To do> A verbatim repetition of the data below is requested, without images.

Information provided>
= = = =

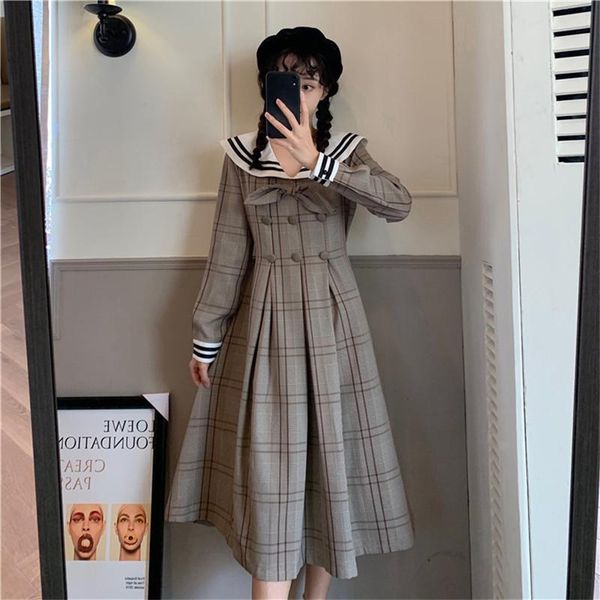 high waist slimming navy collar retro plaid long sleeve dress female spring korean mid-length dresses college style casual, Black;gray
high waist slimming navy collar retro plaid long sleeve dress female spring korean mid-length dresses college style casual, Black;gray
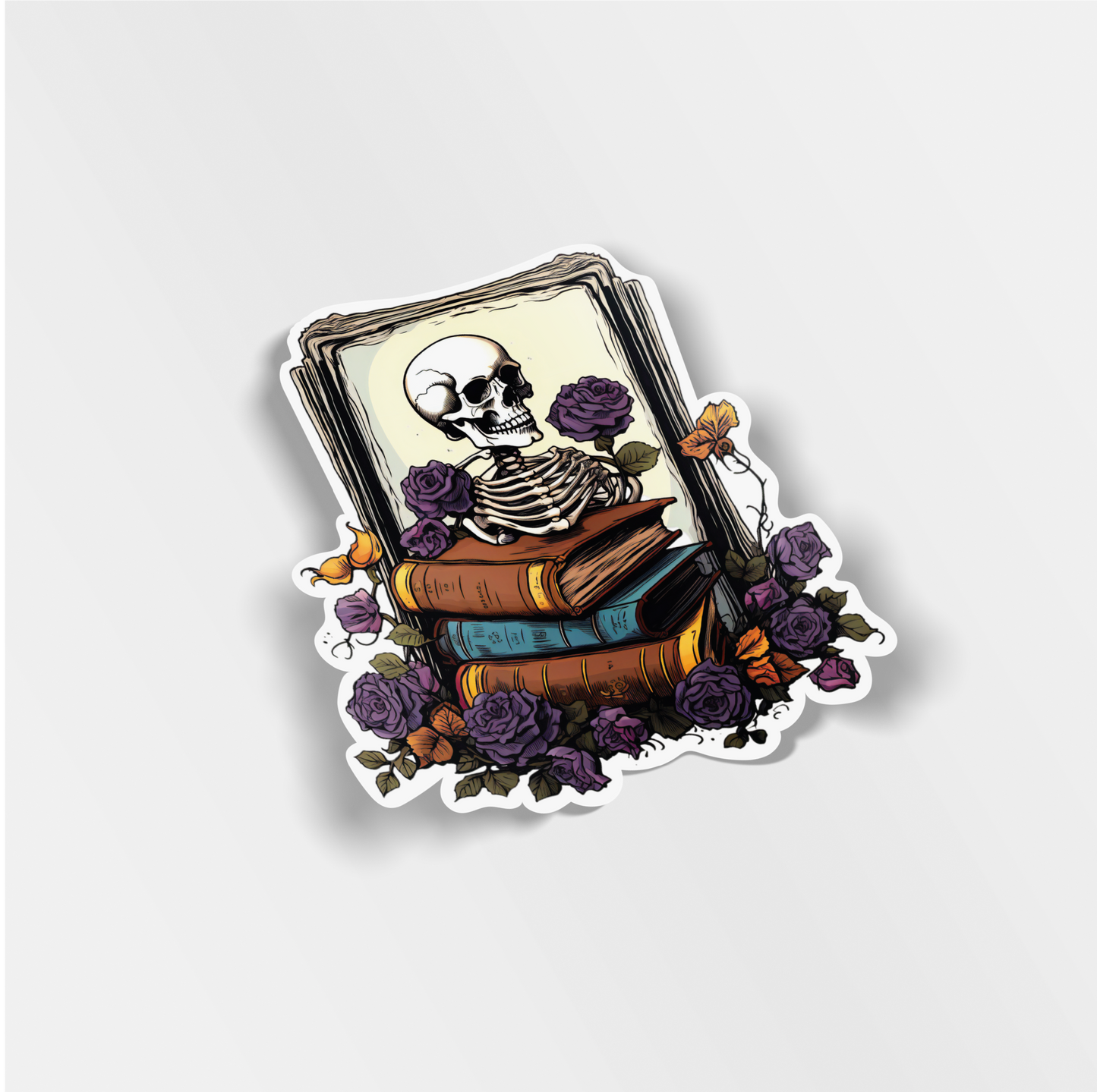 tarot book skeleton vinyl sticker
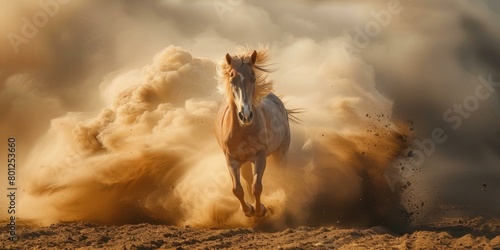 A beautiful palomino horse running in the desert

= = = =

Response to this exercise>
 high waist slimming navy collar retro plaid long sleeve dress female spring korean mid-length dresses college style casual, Black;gray
high waist slimming navy collar retro plaid long sleeve dress female spring korean mid-length dresses college style casual, Black;gray
 tarot book skeleton vinyl sticker
 A beautiful palomino horse running in the desert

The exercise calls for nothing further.